Dopo Francesco, anche Papa Leone ammonisce i “mercanti della guerra”. L’Europa neutrale e sola, guarda a se stessa
Premessa: la parola pace, non giunge ai boss del mondo. Ignorata e disprezzata anche La voce del Papa.
Nonostante i ripetuti ammonimenti e le pressanti invocazioni alla fine delle guerre nel mondo e all’appello al dialogo, il pianeta è sotto attacco dalle forze del Male, talvolta esibite da nuovo Gesù Cristo. Intanto… L’Europa e l’Italia si interrogano…

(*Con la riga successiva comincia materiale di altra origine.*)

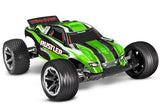TILBUD - Traxxas Rustler Stadium Truck m. batteri og lader - 50 km/t!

Martedì 7 aprile 2026: il ministro della Difesa Guido Crosetto ha tenuto un’informativa alla Camera sulla situazione internazionale e sugli accordi che da 75 anni regolano l’appartenenza alla Nato, soffermandosi sul fatto che: «nessun governo di nessun colore ha mai ventilato l’ipotesi di non attuare tali accordi tra Italia e USA…»
Un discorso che ha richiamato all’unità del Paese, in un momento storico senza precedenti recenti, con un richiamo ai rischi dell’Europa. Un buon discorso di un ministro che aveva già riferito sull’importanza della Difesa intesa come: salvaguardia; tutela; protezione di una Nazione che ha il dovere di proteggersi, soprattutto in un momento di grande cambiamento planetario e strategico, e l’Europa snobbata da Trump, ora deve occuparsi delle sue debolezze.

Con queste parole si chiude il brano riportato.